One such lab activity is called Jumping Spider Dances: Sexual Selection. It is put out by the University of Arizona and takes the students through a simulation of sexual selection using jumping spiders as a model. The activity starts with a review of natural and sexual selection, describing the latter as being different from natural selection in that individuals differ in their ability to obtain matings, which means that individuals of the same sex affect each other’s reproductive success and that members of one sex are competing against other members of the same sex, not against other individuals in the population.

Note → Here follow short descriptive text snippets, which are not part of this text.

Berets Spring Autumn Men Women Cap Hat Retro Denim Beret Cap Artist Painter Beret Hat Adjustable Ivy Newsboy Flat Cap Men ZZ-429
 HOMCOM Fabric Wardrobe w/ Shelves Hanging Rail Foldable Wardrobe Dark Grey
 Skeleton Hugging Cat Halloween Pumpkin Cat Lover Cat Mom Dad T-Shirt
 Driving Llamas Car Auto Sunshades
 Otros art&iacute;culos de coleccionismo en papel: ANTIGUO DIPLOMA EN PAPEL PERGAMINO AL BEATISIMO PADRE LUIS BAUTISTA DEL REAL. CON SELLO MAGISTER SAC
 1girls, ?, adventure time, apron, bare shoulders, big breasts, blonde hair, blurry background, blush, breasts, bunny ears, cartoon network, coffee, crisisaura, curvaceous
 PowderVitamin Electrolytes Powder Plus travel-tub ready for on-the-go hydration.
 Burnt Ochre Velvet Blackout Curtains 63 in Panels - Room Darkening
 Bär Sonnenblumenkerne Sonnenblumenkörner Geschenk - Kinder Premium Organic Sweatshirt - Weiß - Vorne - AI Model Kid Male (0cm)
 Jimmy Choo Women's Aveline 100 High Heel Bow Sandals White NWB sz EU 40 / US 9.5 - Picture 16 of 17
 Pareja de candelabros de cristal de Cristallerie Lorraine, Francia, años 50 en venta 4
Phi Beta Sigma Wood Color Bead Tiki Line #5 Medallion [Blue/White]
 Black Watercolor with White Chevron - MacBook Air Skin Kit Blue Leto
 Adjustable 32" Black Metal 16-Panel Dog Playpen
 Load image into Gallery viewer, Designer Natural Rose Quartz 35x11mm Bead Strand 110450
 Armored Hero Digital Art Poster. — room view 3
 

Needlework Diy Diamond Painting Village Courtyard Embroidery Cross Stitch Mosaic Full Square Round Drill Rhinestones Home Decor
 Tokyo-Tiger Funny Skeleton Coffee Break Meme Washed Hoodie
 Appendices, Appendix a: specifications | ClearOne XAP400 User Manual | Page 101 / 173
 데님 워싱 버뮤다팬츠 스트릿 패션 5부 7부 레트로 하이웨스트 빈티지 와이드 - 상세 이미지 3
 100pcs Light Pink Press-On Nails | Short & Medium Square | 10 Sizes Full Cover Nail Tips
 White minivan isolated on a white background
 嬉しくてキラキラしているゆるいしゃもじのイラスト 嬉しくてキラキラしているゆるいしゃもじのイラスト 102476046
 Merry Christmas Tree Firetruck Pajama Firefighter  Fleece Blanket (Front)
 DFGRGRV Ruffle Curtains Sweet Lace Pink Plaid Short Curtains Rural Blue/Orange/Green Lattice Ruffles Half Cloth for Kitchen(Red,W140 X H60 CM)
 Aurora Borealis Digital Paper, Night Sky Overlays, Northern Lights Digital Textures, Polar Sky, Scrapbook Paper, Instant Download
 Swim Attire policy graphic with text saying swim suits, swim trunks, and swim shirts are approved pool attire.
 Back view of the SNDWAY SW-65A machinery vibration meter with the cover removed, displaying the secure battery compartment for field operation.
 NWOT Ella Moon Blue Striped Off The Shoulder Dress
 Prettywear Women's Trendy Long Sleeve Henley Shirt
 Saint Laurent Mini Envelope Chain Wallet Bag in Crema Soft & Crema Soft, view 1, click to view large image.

The activity then goes on to discuss gamete size, reproductive rates, sex and operational sex ratios in a population of spiders, competition, and female choice. On this last note, the activity discusses and explains the importance of ornamentation in males, which is often needed to attract the female. Photographs of jumping spiders are shown to help exemplify the concept. This first section of the activity ends with an explanation and video of a courtship dance performed by the spiders. A self-scoring quiz assessing the information presented immediately follows, providing students a chance to check their learning.
The next section of Jumping Spider Dances: Sexual Selection delves into the idea of evolution and the formation of new species. It discusses, using authentic data from original research, how geography and the effects of climate change are causing speciation to occur in the jumping spiders. The authors describe an experiment in which they genetically tested spiders from different locations on the same and on different mountains. They found that populations are splitting into separate species. Sources of the data are cited, followed by a comprehensive summary of the entire activity.
Sexual selection is part of the Advanced Placement Biology curriculum, so this site is perfect for AP teachers needing an alternative lab to replace the in-class activity. While it does not provide the same hands-on learning that would take place in the classroom, it does provide content that is challenging and really encourages higher thinking skills. Other students of biology will also benefit from using this site, as students see examples of sexual selection in nature all the time. The teacher may need to provide some additional information and guidance, but even students as young as middle school would enjoy seeing how and why mate selection occurs.